Tatsächlich soll sich das Mädchen ab diesem Zeitpunkt ohne Kontaktmöglichkeit zu anderen Personen in der Wohnung der Mutter aufgehalten haben und von den Angeklagten sexuell missbraucht worden sein.

Zweimal hatten die Behörden, die frühzeitig an den Angaben der Eltern zweifelten, die Wohnung aufgesucht, aber nichts gefunden. Erst bei einer dritten, diesmal offenbar unangekündigten, sogenannten Fahndungsmaßnahme, wurde das Kind entdeckt. Die damals 52-jährige Mutter und ihr 46-jähriger Lebensgefährte waren zunächst verhaftet worden, die Mutter kam später wieder frei. Gegenüber einer Boulevardzeitung hatte sie die Vorwürfe praktisch bestätigt und behauptet, dass die sexuellen Handlungen mit dem 12-jährigen Kind „einvernehmlich“ erfolgt seien. Der Lebensgefährte der Mutter, der wegen einer unter Drogen begangenen schweren Straftat bereits im Gefängnis saß, befindet sich immer noch in Haft.

Die Tat erinnert an den Fall Natascha Kampusch

Das Gericht hat für den Prozess mehrere Verhandlungstage bis März 2019 angesetzt. Man erwartet ein reges Medieninteresse – auch weil die Tat von manchen mit dem Fall der Österreicherin Natascha Kampusch verglichen wird, die im Alter von zehn Jahren entführt und mehr als acht Jahre im Haus eines Nachrichtentechnikers in der Nähe von Wien gefangen gehalten wurde.

Unklar ist noch, ob der Prozess aus Gründen des Opferschutzes zumindest teilweise unter Ausschluss der Öffentlichkeit geführt wird.

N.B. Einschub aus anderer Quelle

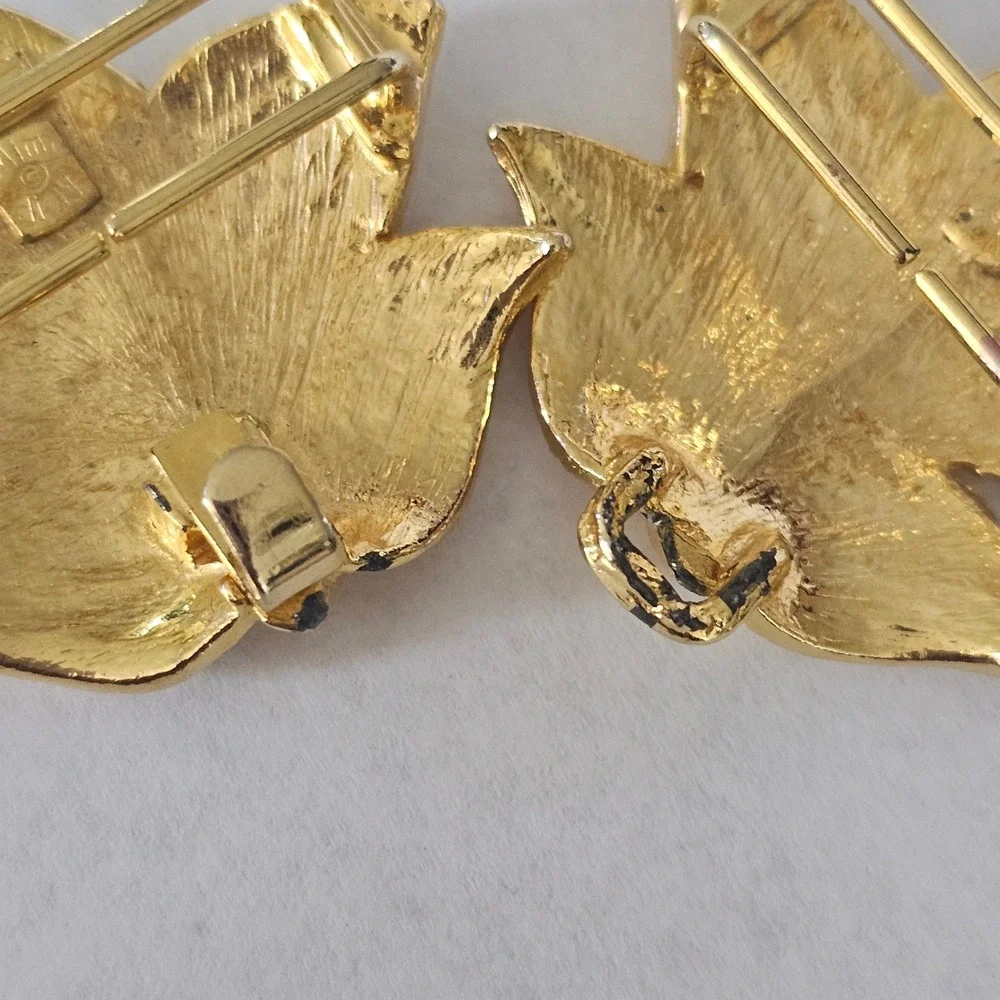 Vintage Gold Tone Belt Buckle Interlocking Leaves Fits 1.25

Bereits während der Ermittlungen waren Details des mutmaßlichen sexuellen Missbrauchs von der Staatsanwaltschaft Cottbus zurückgehalten worden, um Franziska zu schützen. „Die Möglichkeit eines teilweisen Ausschlusses der Öffentlichkeit besteht in jedem Fall“, sagte eine Sprecherin der Staatsanwaltschaft am Sonntag dem Tagesspiegel. Unbedenklich sei hingegen die öffentliche Verhandlung des Tatvorwurfs der „Entziehung einer Minderjährigen“.

Mutter lebte mit ihren Töchtern in Berlin

Franziskas Mutter hatte laut Medienberichten vor mehr als neun Jahren das Sorgerecht für Franziska und deren jüngere Schwester entzogen bekommen. Damals soll es viele Schwierigkeiten in der in Berlin lebenden sozial schwachen Familie gegeben haben, unter anderem habe der eigentliche Kindsvater unter einem massiven Alkoholproblem gelitten. Die Mädchen kamen in ein Berliner Kinderheim.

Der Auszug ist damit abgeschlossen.